## Exercise prompt
From the entries below, write out exactly the lines between the line holding "Атака на Арзамасский" and the line holding "ShareIt India :Made", inclusive, excluding any pictures.

## Input material
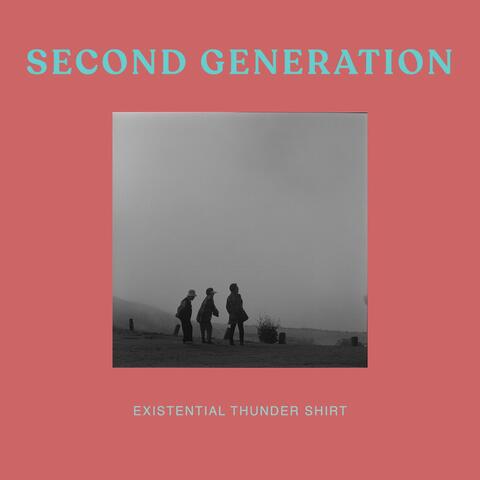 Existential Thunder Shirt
--
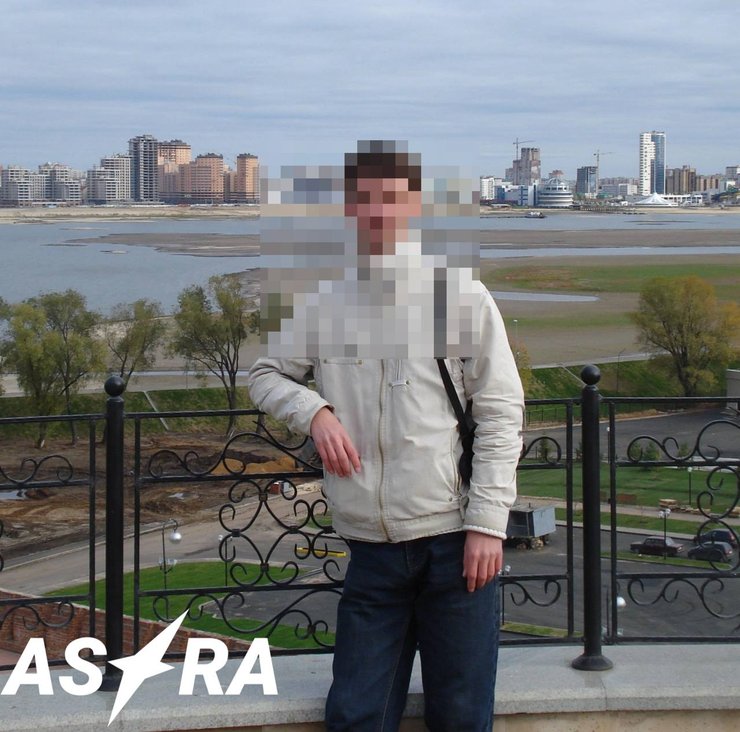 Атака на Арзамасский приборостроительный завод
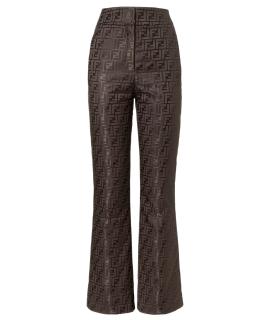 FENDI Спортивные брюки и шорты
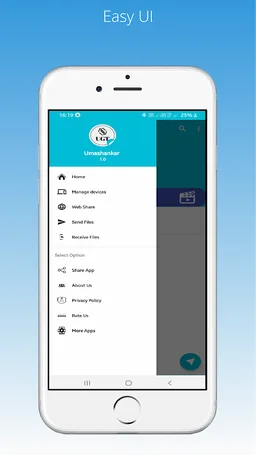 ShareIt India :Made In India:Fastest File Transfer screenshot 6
--
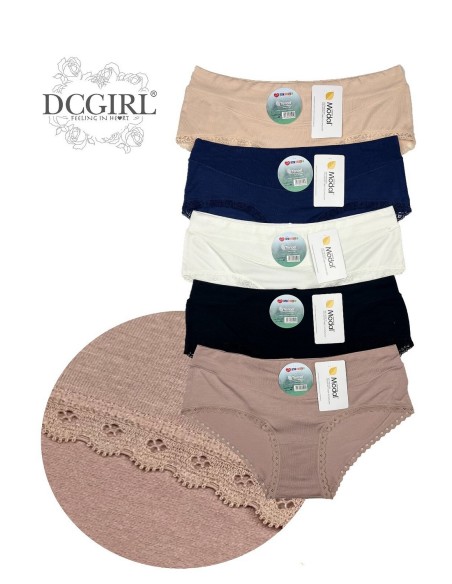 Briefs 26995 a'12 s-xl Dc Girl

## Solution below
 Атака на Арзамасский приборостроительный завод
 FENDI Спортивные брюки и шорты
 ShareIt India :Made In India:Fastest File Transfer screenshot 6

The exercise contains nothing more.